Ну уж нет, — решила я, устанавливая в шкаф стопку тарелок, — моя жизнь куда-нибудь меня да приведет. К счастью, мне не грозит участь домохозяйки. Отец мой был против эмансипации женщин, ему импонировала мудрость романов Колетт Ивер, в которых и адвокатша, и докторша в конечном счете жертвовали своей карьерой ради семейного счастья. Но законы диктует необходимость. «Вы, девочки мои, замуж не выйдете, — частенько говорил наш отец. — У вас нет приданого. Вам придется работать». Перспектива иметь профессию радовала меня куда больше, чем идея замужества: она позволяла надеяться. Ведь есть же на земле люди, которые что-то делают; я тоже буду делать. Что именно, я еще не знала. Астрономия, археология, палеонтология возбуждали поочередно мой интерес; кроме того, я продолжала смутно надеяться, что буду писать. Мои планы ни на чем конкретном не основывались, я сама в них недостаточно верила, чтобы без страха смотреть в будущее. Прошлое я похоронила заранее.
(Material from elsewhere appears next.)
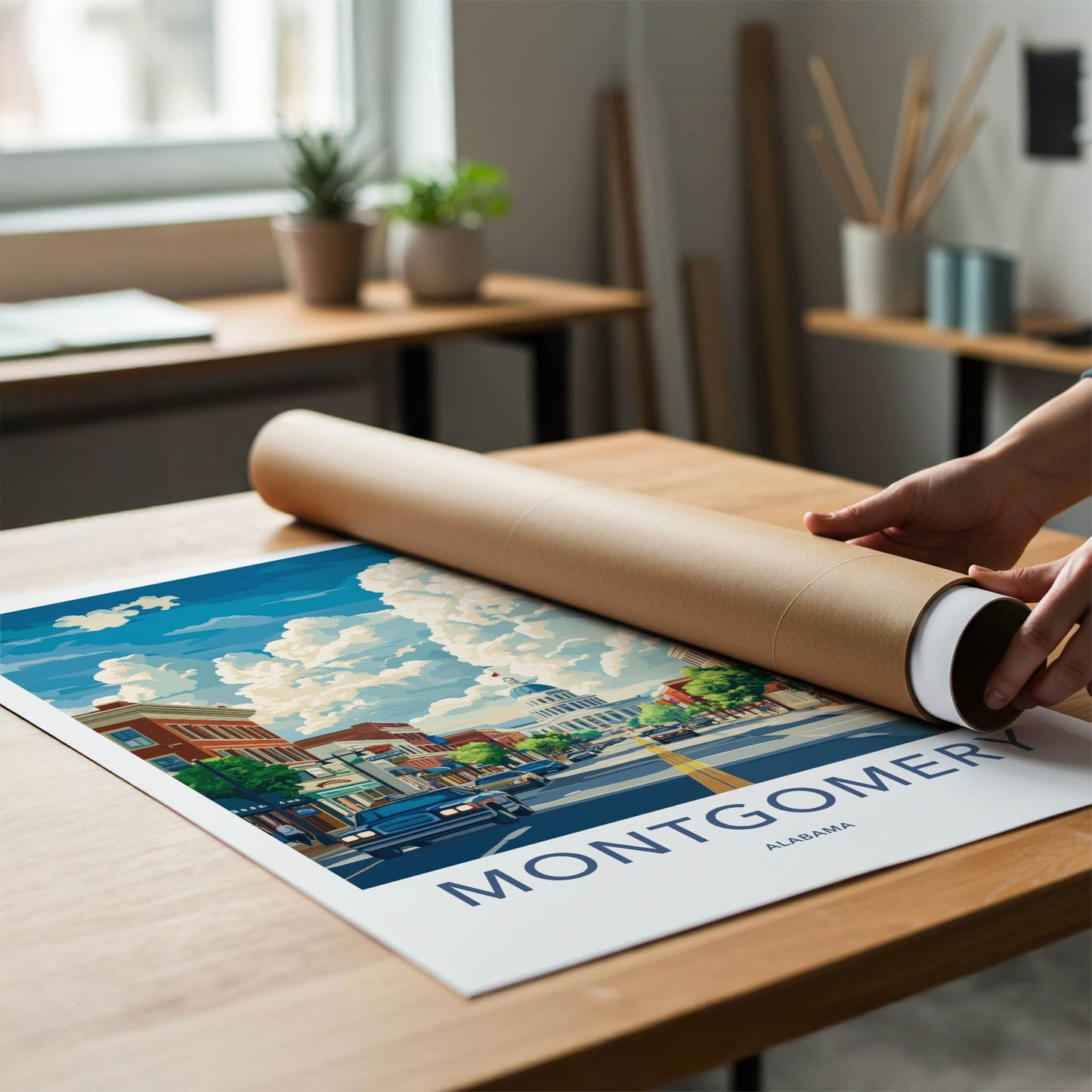 Montgomery Poster - Alabama Travel Art - Capitol Street View Home Decor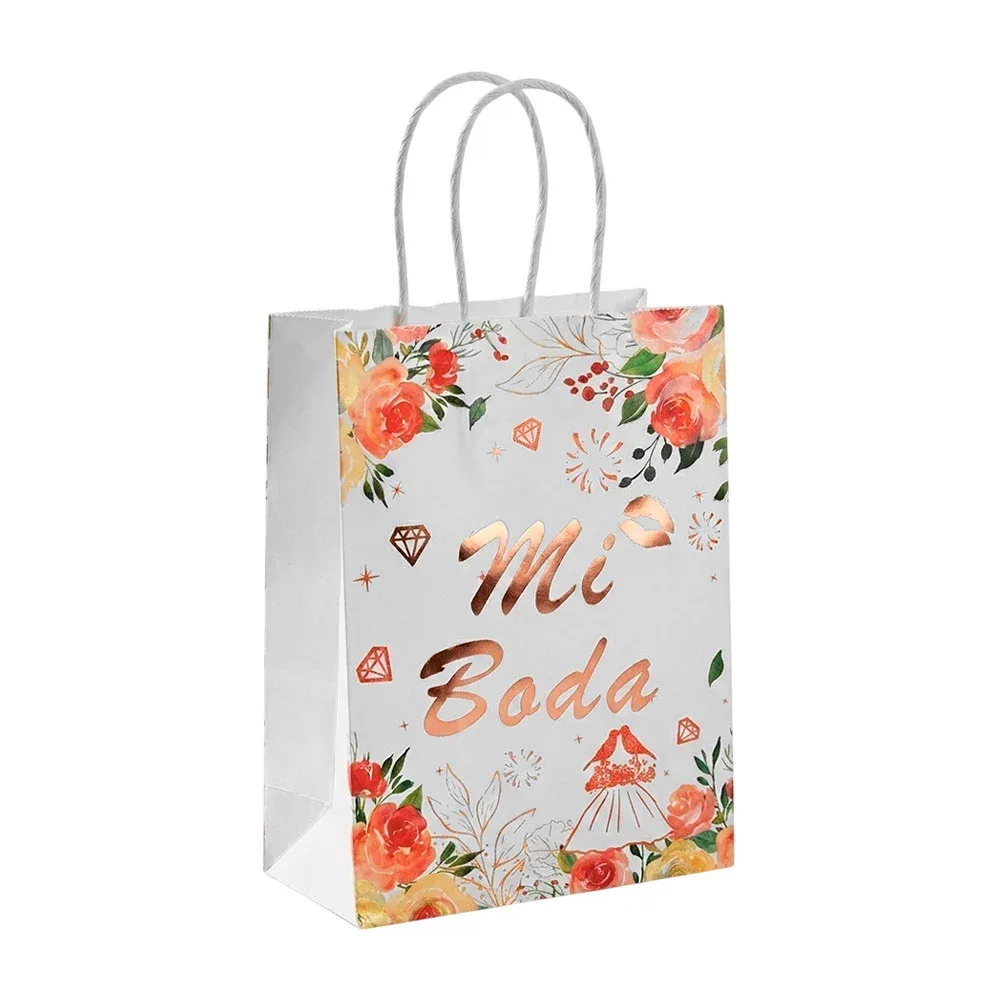 1pza Bolsa chica de papel con diseño de evento ocasión para regalo, 21x15x8cm, variedad de modelos / mi boda / sy-120s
Это отторжение прошлого я особенно сильно почувствовала, когда в руки мне попал роман Луизы Элкотт «Good Wives», «Добрые жены», являвшийся продолжением «Маленьких женщин». С тех пор как я рассталась с моими любимыми Джо и Лори, радостно глядящими в будущее, полное обещаний и надежд, прошло больше года. Я открыла наугад том из коллекции «Tauhnitz», в котором эта история завершалась, и попала на место, где Лори женится на младшей сестре Джо, белокурой, никчемной и глупенькой Эми. Я отшвырнула книгу, точно она обожгла мне пальцы. В течение нескольких дней я не могла опомниться от горя, поразившего меня в самое сердце: человек, которого я любила и который, как мне казалось, тоже любил меня, променял меня на какую-то дуру. Я возненавидела Луизу Элкотт. Позже я узнала, что Джо сама отказала Лори. После долгих лет одиночества, ошибок и испытаний, она встретила одного преподавателя; он был старше ее, опытнее и умнее; он понимал Джо, утешал, давал советы; они поженились. Этот сильный человек, появившийся в романе неожиданно и со стороны, гораздо больше, нежели юный Лори, походил на Верховного Судью, о благоволении которого я некогда мечтала; тем не менее его вмешательство меня раздосадовало. Давным-давно, читая «Каникулы» мадам де Сегюр, я переживала, что Софи вышла замуж не за Поля, друга детских игр, а за владельца какого-то замка. Любовь и дружба были в моих глазах чувствами окончательными и вечными, а не случайной авантюрой. Я не хотела, чтобы в будущем меня подстерегали разлуки; прошлое должно быть частью будущего.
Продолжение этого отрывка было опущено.